As investment banks turn ever more to proprietary trading to make profits amid the market slowdown, their reported earnings are becoming increasingly volatile. This quarter, Goldman made a bundle and JPMorgan took a hit. Next quarter, who knows? Investors and ratings agencies are becoming worried.

October 16 is a day many have marked on their calendars. Employees, investors, analysts, regulators and competitors are all eager, for a variety of reasons, to hear JPMorgan Chase's third-quarter results.

The question they all want answered is: what went wrong? How could a bank that prided itself on its risk management culture suffer a double whammy in its trading and loans businesses which, combined, as David Hendler, banks analyst at independent research firm CreditSights points out, "will probably lop $2 billion or more from pre-tax income which may turn into a substantial loss for the quarter"?

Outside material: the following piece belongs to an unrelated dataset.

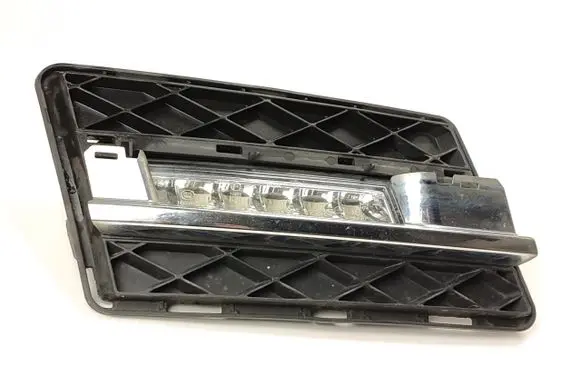 Mercedes-Benz GLK (X204) Front fog light 2048854123 A2048854123 20260224HCR1000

Trading is one of the bank's core businesses, and one of its most reliable performers. It usually brings in roughly $1.5 billion in revenues each quarter. Total revenues for July and August, though, were just $100 million, executives said. And the vast majority of the drop in what Merrill Lynch banks analyst Judah Kraushaar dubbed "oppressive trading results" came from proprietary trading.

It was becoming increasingly likely that at least one firm was going to take a prop trading hit at some point. As Euromoney reported in August, almost all the major US banks and brokers have increased their reliance on proprietary trading strategies to boost earnings, which for two years have been suffering from a dearth of the fee-income investment-banking business that had proved so plentiful in the bull market.